Também o príncipe britânico Charles atraiu cochichos, porque não resistiu e cochilou leve e rapidamente durante a homilia.
À frente de 18 bispos e três cardeais, o arcebispo de Madri, Antonio María Rouco Varela, presidia a cerimônia em que foi lida a 1ª Epístola de são João, que é o relato da ressurreição de Lázaro.
Terminou com: "Eu sou a ressurreição e a vida. O que crê em mim, ainda que tenha morrido, viverá, e o que está vivo e crê em mim não morrerá".
O arcebispo madrileno retomou o tema na homilia, depois de aceitar que "a morte é sempre um enigma indecifrável para o homem, quanto mais a morte violenta". O rei ouviu a homilia com a cabeça abaixada e apoiada nas duas mãos unidas em oração.
Dom Rouco Varela lembrou que Marta, a irmã de Lázaro, cobrou de Jesus: "Se estivesses aqui, meu irmão não teria morrido".
O cardeal especulou então com a possibilidade de que muitos dos parentes que ouviam seu sermão e enxugavam suas lágrimas deveriam ter-se perguntado "onde estava Jesus em 11 de março?".
Receitou, então, "ante a estratégia do ódio, a estratégia do amor". Menos etereamente, pediu a todos que fugissem de "toda forma de nacionalismo exacerbado, de racismo e de intolerância".
Para o celebrante, "se [os terroristas] não nos fizerem perder o amor e a generosidade, terão ficado sem armas". O coral chamou para a comunhão com "Yo Soy el Canto de la Vida". Os familiares das vítimas comungaram, alguns pararam para cumprimentar a rainha, que chorou sem pudor e disfarce, e o rei, que também não disfarçou o lenço com que assoou o nariz depois do choro.
A catedral é espartana, se comparada a outras da Espanha, como a de Toledo.
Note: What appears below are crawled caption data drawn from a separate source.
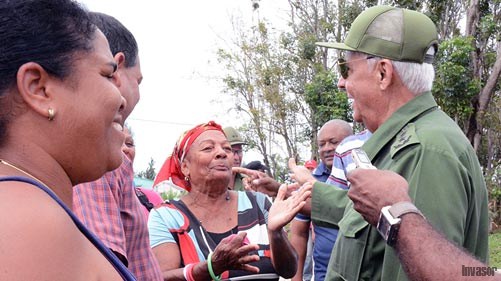 Quinta Solás intercambiando con la población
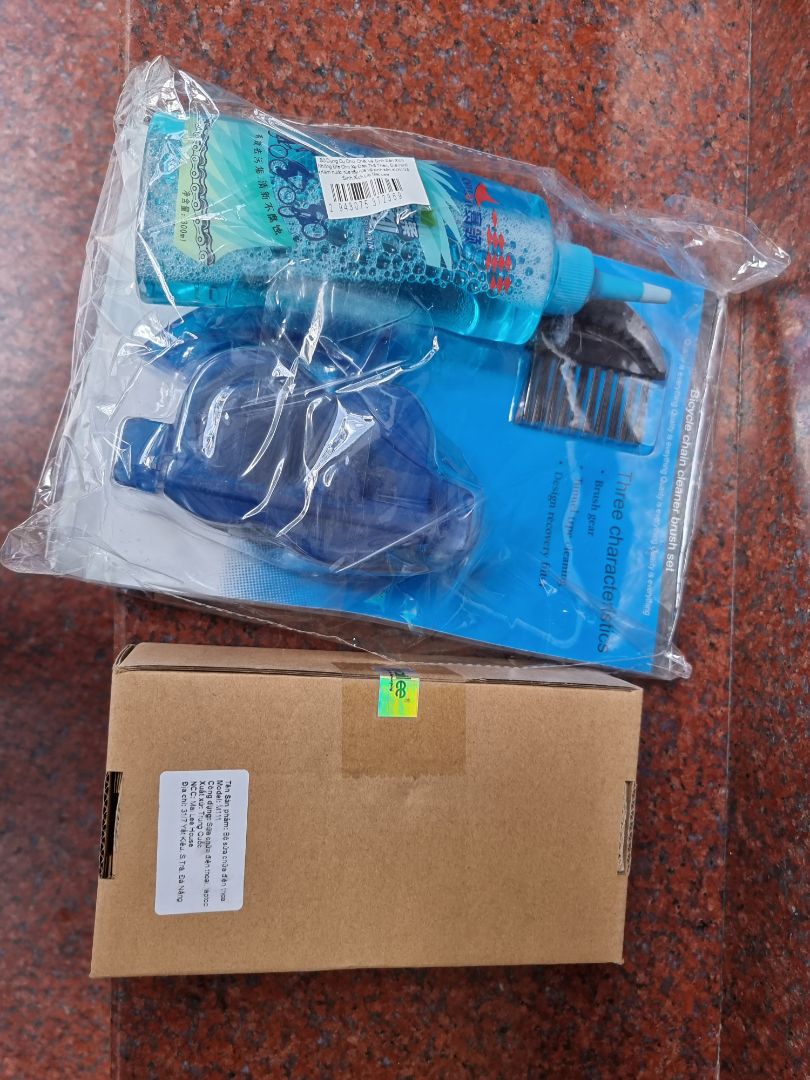 hàng đẹp đầy đủ, đóng gói cẩn thận. giao trễ 4 ngày.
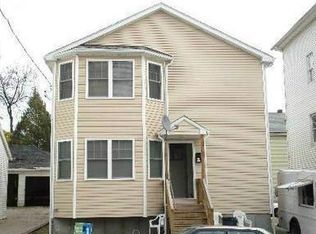 89 Julian St, Providence, RI 02909
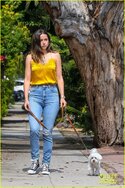 ana-de-armas-jeans-and-converse-on-walk-10.jpg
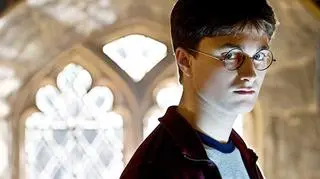Harry Potter bez swojej niezwykłej peleryny niewiele by zdziałał w Hogwarcie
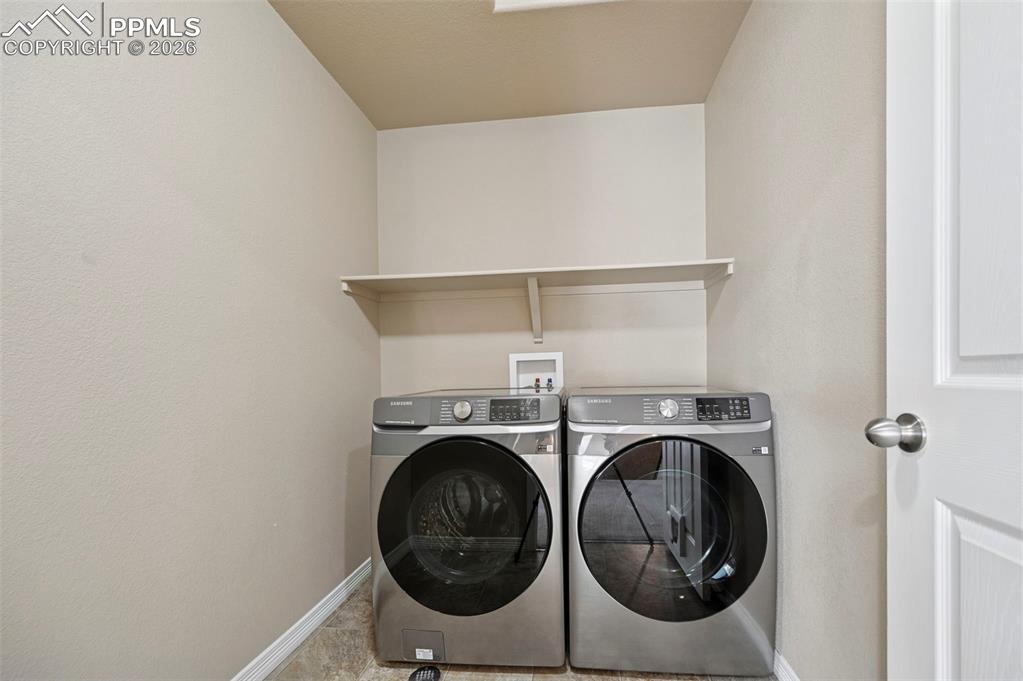 Image 34 of 38: Laundry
Foi consagrada há apenas 11 anos, pelo papa João Paulo 2º, embora a primeira pedra tivesse sido colocada em 1883.
Ao fundo do altar principal (no total, são três) e atrás do Cristo na cruz, pendia no alto um gigantesco laço de crepom negro, que acabou se tornando o símbolo da dor de Madri pelos seus mortos.
As autoridades espanholas ficaram de um lado, as estrangeiras do outro. Colin Powell, o secretário americano de Estado, por não ser chefe de governo ou de Estado, foi relegado à quinta fila dos estrangeiros, atrás dos presidentes Jorge Sampaio (Portugal) e Jacques Chirac (França), nos primeiros bancos. A Europa em peso mandou seus governantes. A América Latina, ninguém, a não ser seus embaixadores.
O cardeal de Madri fez questão de dizer: "Não esqueceremos deste gesto tão grande de solidariedade". O coral soltou então o "Rosto Ensangüentado", e a família real passou a cumprimentar os familiares, lágrimas correndo pelas faces como se também fossem parentes de todos e cada um dos presentes.